Matlab Parallel Computing Toolbox product offers several features that simplify the development of parallel applications in MATLAB. It offers programming constructs such as parallel loops and distributed arrays that let you extend your serial programming into a parallel domain. You can use these constructs without the requirement of learning a complex parallel language or making significant changes to your existing code. The toolbox supports interactive development, which lets you connect to your cluster from a MATLAB session to interactively perform parallel computations or use them in batch. Currently, the Paralell Computing Toolbox license is limited to 12 local cores per worker. 

Let's run the same MonteCarlo simulation taking advantage of the paralellization. To do this, we must do two things:

a. Reserve a pool of N workers to register the job on SGE (where N is 12 at the maximum)
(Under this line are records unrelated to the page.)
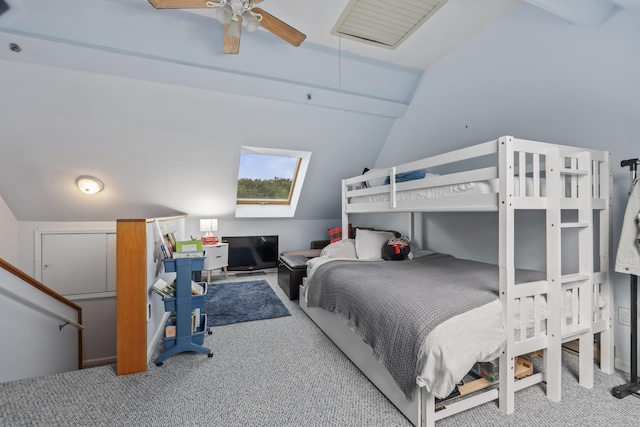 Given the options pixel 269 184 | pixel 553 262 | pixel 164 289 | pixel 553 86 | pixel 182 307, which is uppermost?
pixel 553 86

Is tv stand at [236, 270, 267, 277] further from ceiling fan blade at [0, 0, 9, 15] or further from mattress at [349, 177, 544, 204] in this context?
ceiling fan blade at [0, 0, 9, 15]

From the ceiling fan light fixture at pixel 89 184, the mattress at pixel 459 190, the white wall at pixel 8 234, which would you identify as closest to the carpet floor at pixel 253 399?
the mattress at pixel 459 190

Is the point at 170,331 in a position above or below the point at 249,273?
above

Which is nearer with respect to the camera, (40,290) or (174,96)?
(40,290)

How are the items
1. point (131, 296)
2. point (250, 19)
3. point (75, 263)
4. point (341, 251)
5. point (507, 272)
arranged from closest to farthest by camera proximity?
point (507, 272) → point (250, 19) → point (131, 296) → point (341, 251) → point (75, 263)

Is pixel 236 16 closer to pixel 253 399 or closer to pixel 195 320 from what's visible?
pixel 195 320

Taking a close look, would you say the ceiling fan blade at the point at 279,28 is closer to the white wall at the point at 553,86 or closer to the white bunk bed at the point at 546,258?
the white bunk bed at the point at 546,258

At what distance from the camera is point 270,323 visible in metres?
2.84

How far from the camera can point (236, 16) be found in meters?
1.78

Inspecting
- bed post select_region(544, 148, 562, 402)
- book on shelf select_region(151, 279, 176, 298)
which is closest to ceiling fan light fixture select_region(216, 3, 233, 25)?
book on shelf select_region(151, 279, 176, 298)

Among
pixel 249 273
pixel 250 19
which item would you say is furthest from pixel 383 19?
pixel 249 273

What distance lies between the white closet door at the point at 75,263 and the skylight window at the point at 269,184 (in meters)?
2.02

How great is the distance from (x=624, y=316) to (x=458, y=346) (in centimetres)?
157

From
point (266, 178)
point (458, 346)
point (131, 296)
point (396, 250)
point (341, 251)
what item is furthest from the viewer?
point (266, 178) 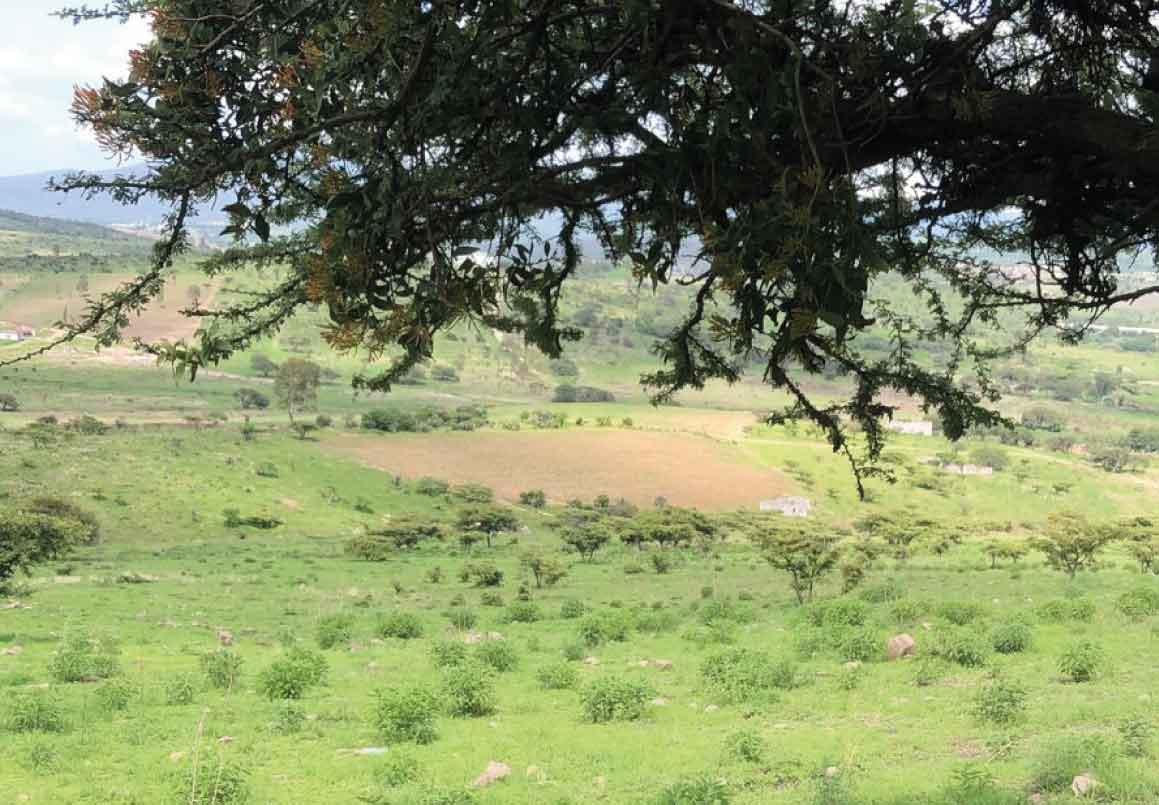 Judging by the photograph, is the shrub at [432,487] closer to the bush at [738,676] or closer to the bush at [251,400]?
the bush at [251,400]

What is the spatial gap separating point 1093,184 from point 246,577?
132 ft

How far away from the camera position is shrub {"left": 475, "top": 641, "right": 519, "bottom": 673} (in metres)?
16.2

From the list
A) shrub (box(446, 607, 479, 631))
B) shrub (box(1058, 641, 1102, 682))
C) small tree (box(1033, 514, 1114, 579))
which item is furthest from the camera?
small tree (box(1033, 514, 1114, 579))

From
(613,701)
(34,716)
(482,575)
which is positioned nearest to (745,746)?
(613,701)

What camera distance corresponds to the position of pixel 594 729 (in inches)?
446

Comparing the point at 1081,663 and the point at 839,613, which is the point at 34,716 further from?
the point at 839,613

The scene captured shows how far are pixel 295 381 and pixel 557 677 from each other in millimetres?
94104

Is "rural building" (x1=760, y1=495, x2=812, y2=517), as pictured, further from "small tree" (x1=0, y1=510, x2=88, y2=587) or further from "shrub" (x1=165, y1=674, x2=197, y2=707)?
"shrub" (x1=165, y1=674, x2=197, y2=707)

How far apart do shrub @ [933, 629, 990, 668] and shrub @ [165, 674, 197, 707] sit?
10.8m

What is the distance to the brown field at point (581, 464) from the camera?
81812 millimetres

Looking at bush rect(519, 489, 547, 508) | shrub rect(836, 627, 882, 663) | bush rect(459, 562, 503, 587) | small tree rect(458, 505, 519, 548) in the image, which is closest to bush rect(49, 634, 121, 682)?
shrub rect(836, 627, 882, 663)

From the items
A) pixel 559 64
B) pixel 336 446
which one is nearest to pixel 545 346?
pixel 559 64

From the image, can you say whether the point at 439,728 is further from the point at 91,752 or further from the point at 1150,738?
the point at 1150,738

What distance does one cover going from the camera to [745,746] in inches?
378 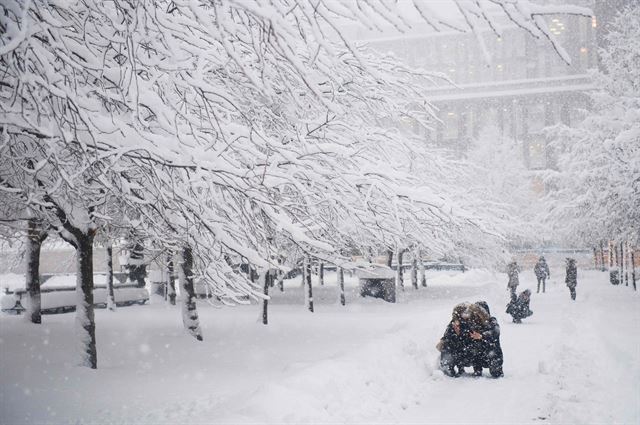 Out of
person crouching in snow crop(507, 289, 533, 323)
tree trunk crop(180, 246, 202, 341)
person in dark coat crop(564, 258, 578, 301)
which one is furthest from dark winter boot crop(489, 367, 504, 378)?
person in dark coat crop(564, 258, 578, 301)

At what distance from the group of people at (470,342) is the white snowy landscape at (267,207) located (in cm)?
3

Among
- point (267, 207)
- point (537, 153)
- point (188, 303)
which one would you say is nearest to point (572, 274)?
point (188, 303)

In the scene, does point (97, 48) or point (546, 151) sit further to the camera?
point (546, 151)

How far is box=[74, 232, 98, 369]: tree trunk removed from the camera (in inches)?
339

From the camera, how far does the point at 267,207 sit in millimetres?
4520

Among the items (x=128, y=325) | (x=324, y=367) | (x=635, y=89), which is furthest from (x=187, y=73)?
(x=635, y=89)

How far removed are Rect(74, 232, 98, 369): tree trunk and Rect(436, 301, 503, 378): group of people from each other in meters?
5.91

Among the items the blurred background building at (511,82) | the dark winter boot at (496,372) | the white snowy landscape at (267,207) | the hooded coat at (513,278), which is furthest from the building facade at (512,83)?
the dark winter boot at (496,372)

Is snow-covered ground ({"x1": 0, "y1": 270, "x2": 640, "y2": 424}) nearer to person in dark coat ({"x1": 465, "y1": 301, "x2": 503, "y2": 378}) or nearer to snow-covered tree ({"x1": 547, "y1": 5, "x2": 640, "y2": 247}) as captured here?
person in dark coat ({"x1": 465, "y1": 301, "x2": 503, "y2": 378})

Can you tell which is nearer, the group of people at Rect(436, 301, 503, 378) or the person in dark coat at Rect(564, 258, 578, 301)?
the group of people at Rect(436, 301, 503, 378)

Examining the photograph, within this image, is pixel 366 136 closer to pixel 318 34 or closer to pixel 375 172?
pixel 375 172

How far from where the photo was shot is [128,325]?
14828 mm

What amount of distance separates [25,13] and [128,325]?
1336 centimetres

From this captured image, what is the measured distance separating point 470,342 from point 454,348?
0.29 m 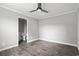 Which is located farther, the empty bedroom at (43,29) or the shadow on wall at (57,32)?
the shadow on wall at (57,32)

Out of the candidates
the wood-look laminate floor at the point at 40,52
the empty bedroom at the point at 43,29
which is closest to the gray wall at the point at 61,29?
the empty bedroom at the point at 43,29

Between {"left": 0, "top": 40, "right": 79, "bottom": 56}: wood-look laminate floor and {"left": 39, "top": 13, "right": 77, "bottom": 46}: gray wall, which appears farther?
{"left": 39, "top": 13, "right": 77, "bottom": 46}: gray wall

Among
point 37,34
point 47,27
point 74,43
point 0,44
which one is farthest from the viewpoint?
point 37,34

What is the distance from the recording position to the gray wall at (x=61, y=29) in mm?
3197

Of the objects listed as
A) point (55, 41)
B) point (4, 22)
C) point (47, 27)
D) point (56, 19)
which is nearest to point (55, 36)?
point (55, 41)

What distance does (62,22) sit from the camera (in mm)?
3646

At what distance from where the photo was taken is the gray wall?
3197mm

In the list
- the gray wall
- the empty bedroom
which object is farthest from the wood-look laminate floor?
the gray wall

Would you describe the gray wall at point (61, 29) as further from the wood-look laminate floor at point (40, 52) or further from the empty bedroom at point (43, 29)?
the wood-look laminate floor at point (40, 52)

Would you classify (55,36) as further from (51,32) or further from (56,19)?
(56,19)

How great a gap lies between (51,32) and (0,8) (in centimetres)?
387

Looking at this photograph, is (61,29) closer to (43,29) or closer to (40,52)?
(43,29)

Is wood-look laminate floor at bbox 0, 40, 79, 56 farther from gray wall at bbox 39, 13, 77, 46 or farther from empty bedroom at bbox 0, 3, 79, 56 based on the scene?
gray wall at bbox 39, 13, 77, 46

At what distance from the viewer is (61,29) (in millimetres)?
3711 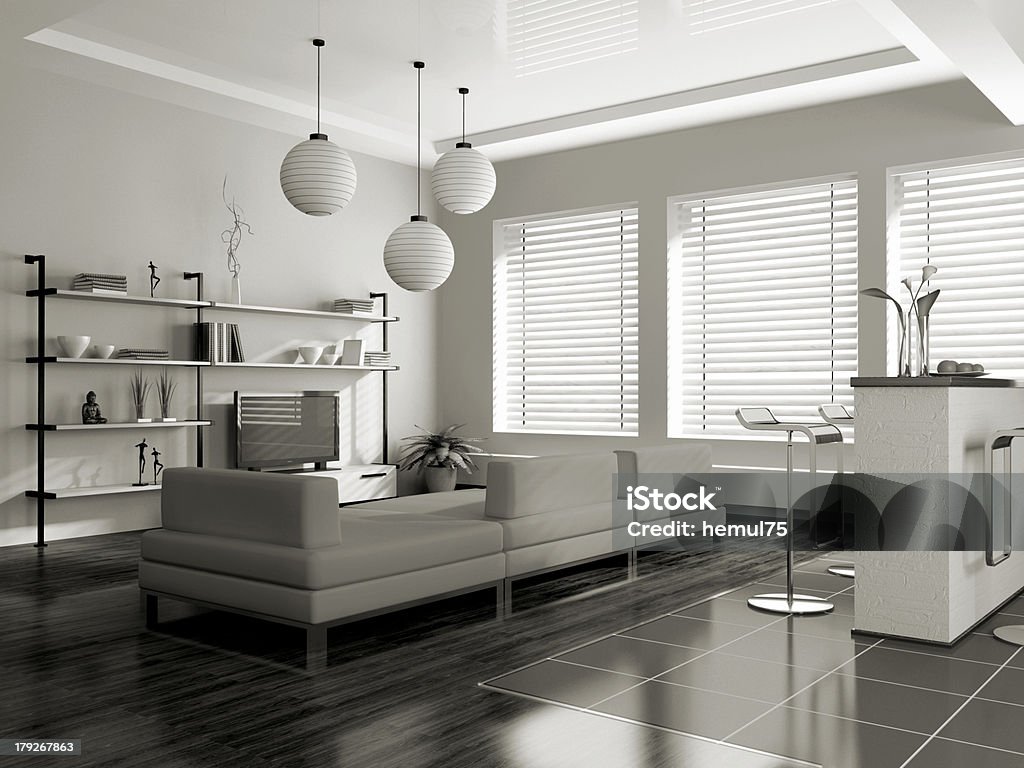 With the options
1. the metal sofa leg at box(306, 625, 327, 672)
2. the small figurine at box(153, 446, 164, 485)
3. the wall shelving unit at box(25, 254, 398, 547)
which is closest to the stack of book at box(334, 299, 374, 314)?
the wall shelving unit at box(25, 254, 398, 547)

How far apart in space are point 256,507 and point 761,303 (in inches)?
189

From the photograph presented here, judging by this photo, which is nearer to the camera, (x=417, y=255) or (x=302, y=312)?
(x=417, y=255)

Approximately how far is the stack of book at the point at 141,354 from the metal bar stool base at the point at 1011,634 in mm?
5235

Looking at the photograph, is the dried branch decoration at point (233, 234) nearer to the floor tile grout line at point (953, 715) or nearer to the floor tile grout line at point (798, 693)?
the floor tile grout line at point (798, 693)

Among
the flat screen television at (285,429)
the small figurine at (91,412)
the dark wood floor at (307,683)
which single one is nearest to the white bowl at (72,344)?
the small figurine at (91,412)

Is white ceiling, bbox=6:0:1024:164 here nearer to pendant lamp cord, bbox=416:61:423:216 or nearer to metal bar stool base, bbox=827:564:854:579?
pendant lamp cord, bbox=416:61:423:216

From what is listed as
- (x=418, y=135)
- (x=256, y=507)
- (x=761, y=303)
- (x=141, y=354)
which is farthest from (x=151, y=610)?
(x=761, y=303)

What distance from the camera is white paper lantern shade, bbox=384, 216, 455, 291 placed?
5516mm

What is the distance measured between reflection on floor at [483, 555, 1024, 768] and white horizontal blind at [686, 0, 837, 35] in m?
3.40

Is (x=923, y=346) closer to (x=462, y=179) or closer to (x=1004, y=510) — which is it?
(x=1004, y=510)

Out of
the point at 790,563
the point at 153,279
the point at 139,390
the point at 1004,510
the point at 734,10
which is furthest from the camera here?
the point at 153,279

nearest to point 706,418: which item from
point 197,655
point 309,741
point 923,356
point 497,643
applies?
point 923,356

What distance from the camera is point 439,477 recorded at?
8.30 m

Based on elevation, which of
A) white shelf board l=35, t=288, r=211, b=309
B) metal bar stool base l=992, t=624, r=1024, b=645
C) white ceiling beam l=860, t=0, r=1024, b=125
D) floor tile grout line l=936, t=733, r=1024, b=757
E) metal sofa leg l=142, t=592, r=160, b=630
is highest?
white ceiling beam l=860, t=0, r=1024, b=125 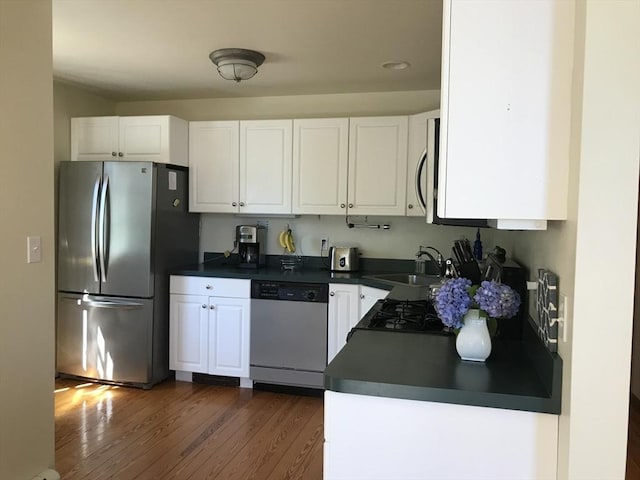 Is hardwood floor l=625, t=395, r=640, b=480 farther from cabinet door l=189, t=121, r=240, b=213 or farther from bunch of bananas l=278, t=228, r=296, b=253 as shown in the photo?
cabinet door l=189, t=121, r=240, b=213

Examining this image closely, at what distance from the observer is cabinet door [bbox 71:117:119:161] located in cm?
417

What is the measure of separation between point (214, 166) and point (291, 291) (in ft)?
4.09

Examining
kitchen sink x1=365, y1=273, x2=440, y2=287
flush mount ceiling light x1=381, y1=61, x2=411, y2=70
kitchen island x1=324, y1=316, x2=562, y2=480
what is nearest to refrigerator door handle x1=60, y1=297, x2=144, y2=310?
kitchen sink x1=365, y1=273, x2=440, y2=287

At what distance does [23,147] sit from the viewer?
2205 mm

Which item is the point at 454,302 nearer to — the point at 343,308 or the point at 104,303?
the point at 343,308

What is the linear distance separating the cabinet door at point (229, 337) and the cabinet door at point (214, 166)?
2.62 feet

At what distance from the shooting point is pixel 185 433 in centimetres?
316

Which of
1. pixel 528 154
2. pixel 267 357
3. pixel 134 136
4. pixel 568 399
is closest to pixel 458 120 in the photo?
pixel 528 154

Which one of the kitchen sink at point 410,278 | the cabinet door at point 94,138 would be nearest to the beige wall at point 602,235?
the kitchen sink at point 410,278

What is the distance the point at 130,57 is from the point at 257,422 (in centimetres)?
248

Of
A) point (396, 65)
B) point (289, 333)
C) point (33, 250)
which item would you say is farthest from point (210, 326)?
point (396, 65)

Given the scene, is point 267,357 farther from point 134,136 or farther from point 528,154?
point 528,154

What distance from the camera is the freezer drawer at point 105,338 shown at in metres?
3.90

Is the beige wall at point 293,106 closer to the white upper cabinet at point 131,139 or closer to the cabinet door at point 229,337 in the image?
the white upper cabinet at point 131,139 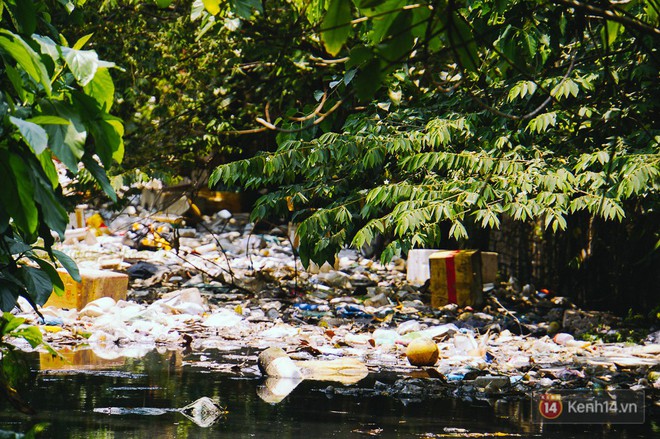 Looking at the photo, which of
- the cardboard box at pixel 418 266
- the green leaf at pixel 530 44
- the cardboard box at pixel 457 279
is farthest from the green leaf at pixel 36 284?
the cardboard box at pixel 418 266

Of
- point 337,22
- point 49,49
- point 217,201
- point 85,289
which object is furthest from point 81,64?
point 217,201

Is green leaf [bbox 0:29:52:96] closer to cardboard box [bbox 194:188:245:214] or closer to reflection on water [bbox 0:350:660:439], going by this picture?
reflection on water [bbox 0:350:660:439]

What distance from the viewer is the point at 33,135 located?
1377mm

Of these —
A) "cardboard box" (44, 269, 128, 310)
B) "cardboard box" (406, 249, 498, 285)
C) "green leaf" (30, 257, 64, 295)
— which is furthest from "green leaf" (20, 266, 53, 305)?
"cardboard box" (406, 249, 498, 285)

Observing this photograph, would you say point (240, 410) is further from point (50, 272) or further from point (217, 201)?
point (217, 201)

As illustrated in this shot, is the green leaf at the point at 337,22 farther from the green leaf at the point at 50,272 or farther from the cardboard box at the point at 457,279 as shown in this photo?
the cardboard box at the point at 457,279

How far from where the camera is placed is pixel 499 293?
8938 mm

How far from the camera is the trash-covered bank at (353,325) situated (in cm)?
537

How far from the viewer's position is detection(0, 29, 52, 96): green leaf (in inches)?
54.8

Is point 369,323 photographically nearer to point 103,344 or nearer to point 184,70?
point 103,344

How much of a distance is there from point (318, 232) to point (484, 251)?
4.51 metres

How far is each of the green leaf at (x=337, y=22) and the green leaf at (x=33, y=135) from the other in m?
0.49

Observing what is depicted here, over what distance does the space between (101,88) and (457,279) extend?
6.91 m

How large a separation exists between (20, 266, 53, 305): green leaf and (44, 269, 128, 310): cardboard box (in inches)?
190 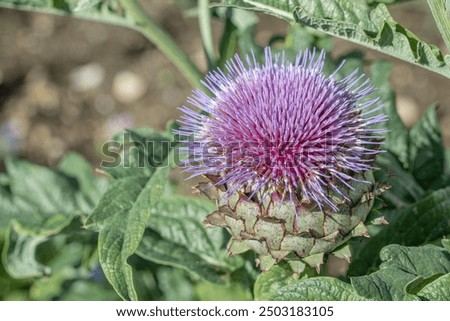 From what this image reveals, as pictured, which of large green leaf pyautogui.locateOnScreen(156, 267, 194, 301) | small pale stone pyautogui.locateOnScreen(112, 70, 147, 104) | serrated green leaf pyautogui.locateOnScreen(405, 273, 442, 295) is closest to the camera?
serrated green leaf pyautogui.locateOnScreen(405, 273, 442, 295)

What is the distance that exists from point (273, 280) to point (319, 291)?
0.55 feet

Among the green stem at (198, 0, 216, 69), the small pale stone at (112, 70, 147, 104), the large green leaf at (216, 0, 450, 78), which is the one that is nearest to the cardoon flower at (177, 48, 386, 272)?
the large green leaf at (216, 0, 450, 78)

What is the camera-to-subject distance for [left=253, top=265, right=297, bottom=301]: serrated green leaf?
44.4 inches

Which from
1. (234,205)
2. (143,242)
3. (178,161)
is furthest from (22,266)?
(234,205)

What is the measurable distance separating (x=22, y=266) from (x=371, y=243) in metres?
0.68

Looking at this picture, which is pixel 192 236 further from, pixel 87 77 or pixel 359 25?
pixel 87 77

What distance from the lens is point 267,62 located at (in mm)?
1159

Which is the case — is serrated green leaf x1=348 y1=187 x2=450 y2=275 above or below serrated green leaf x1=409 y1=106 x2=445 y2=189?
below

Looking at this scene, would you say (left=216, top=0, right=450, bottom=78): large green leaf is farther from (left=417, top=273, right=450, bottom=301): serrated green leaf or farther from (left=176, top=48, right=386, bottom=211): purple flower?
(left=417, top=273, right=450, bottom=301): serrated green leaf

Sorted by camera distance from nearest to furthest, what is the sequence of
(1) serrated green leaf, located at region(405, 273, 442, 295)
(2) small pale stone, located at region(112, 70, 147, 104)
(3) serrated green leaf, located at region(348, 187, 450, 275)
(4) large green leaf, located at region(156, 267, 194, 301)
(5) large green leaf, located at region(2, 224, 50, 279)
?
1. (1) serrated green leaf, located at region(405, 273, 442, 295)
2. (3) serrated green leaf, located at region(348, 187, 450, 275)
3. (5) large green leaf, located at region(2, 224, 50, 279)
4. (4) large green leaf, located at region(156, 267, 194, 301)
5. (2) small pale stone, located at region(112, 70, 147, 104)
b. Tell Matlab to use the local pool of workers

1. Let's modify our Matlab script. We'll use the 'parfor' instead of 'for'. We can do it as long as the inner operations on the loop does not depend on the loop iterator, and we'll also use the directive parpool to create the pool using the profile 'local' with 6 slots. More information on Matlab cluster profiles here:

 
%% PARFOR DEMO
 
%% Init problem
% Init pe
parpool('local',6)
 
% MonteCarlo simulations
disp('Starting ...')
tic;
iter    = 100000;
sz      = 55;
a       = zeros(1, iter);
parfor (simNum = 1:iter, 6)
        a(simNum)= myFunction(sz);
end
toc;
delete(gcp)

2. Let's modify also our submission script. We'll include the -pe option to reserve as many slots as we have specified in the previous parfor command. We'll also modify the lines to call the job and the output and error files:

[...]
# Requested resources:
#
# Simulation name
# ----------------
#$ -N "MonteCarlo-paralell"
#
# Paralell environment: we'll use six cores
# on the paralell environment called 'smp'
# -----------------------------------------
#$ -pe smp 6
[...]
# Output and error files go on the user's home:
# -------------------------------------------------
#$ -o /homedtic/ijimenez/Matlab/MonteCarlo/job-out/montecarlo-paralell.out
#$ -e /homedtic/ijimenez/Matlab/MonteCarlo/job-out/montecarlo-paralell.err
[...]
This time, if we check the speedup achieved shown by the output files, we'll see that serial took nearly a minute, and paralell took 13 seconds. This shows a speedup of 1:6:
 
Serial: Elapsed time is 63.909396 seconds.

Paralell:Elapsed time is 13.476630 seconds.